WORK ORDER: Please print the entries below exactly, from the line with "BELLA+CANVAS® Unisex Sponge" through the line with "Генератор 03D903025H, IMPRK1277912", including both of those lines and leaving out all others.

(Beginning of DATA SUPPLIED)

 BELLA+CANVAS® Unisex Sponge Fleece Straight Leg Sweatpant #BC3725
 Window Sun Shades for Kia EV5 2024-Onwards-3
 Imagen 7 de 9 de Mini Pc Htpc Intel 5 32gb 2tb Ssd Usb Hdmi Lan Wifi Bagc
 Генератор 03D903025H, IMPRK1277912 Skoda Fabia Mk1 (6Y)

(End of DATA SUPPLIED)
(Beginning of DATA SUPPLIED)

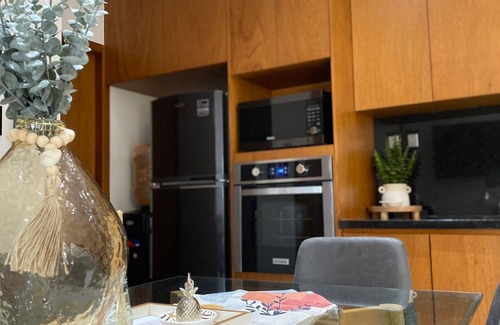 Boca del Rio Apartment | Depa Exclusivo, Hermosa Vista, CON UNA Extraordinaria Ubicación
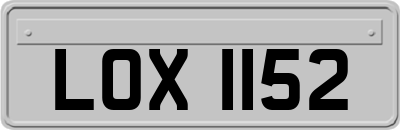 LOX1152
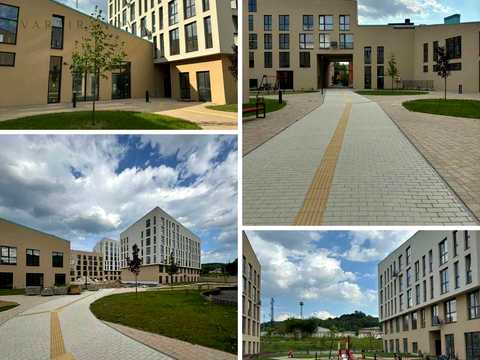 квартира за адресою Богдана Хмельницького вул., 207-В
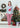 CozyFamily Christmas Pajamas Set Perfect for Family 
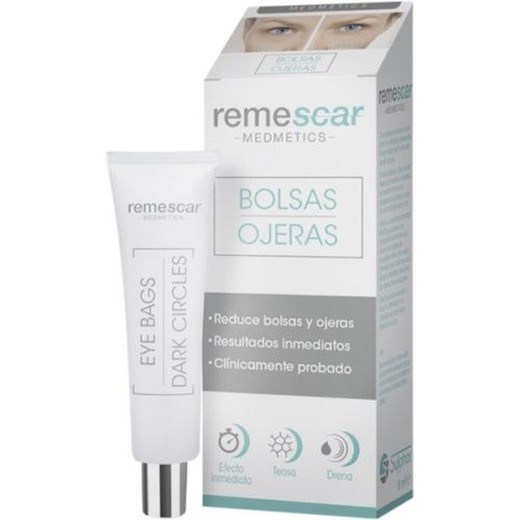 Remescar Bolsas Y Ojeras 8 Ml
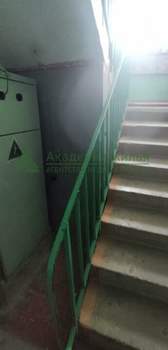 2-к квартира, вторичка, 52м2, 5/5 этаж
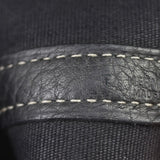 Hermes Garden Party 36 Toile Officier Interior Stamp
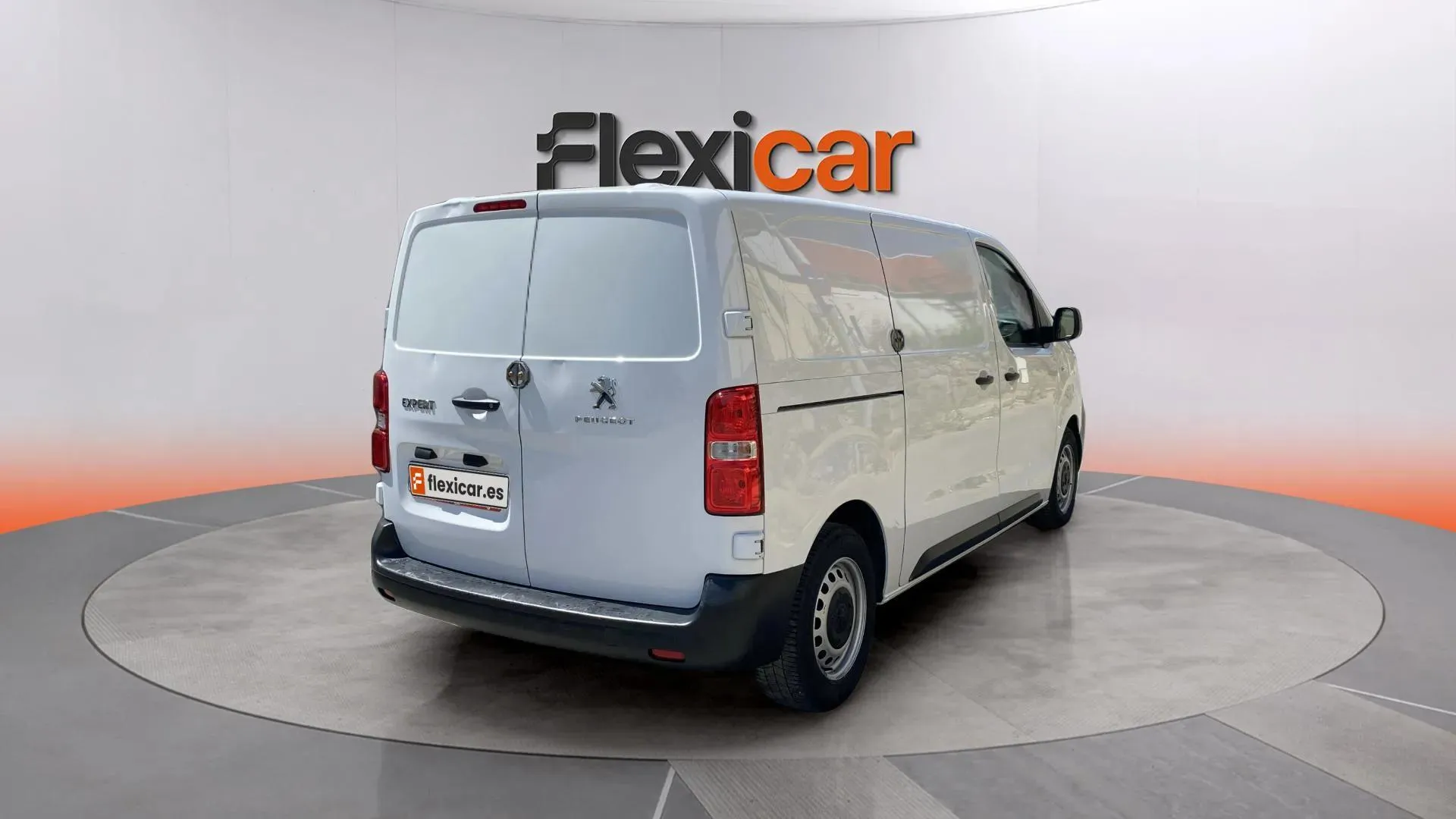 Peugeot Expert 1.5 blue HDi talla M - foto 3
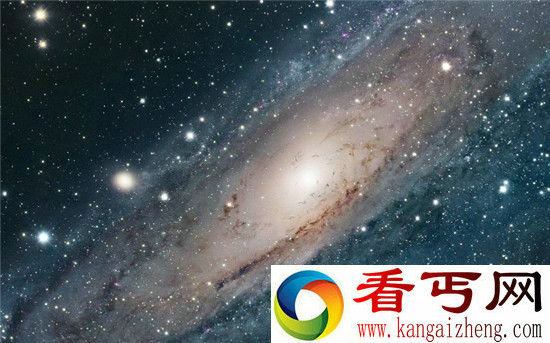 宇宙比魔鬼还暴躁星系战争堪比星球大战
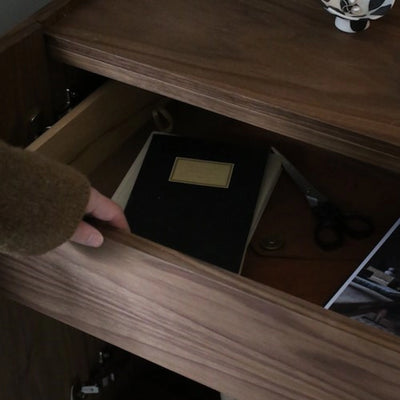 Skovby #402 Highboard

(End of DATA SUPPLIED)

EXERCISE RESPONSE:
 BELLA+CANVAS® Unisex Sponge Fleece Straight Leg Sweatpant #BC3725
 Window Sun Shades for Kia EV5 2024-Onwards-3
 Imagen 7 de 9 de Mini Pc Htpc Intel 5 32gb 2tb Ssd Usb Hdmi Lan Wifi Bagc
 Генератор 03D903025H, IMPRK1277912 Skoda Fabia Mk1 (6Y)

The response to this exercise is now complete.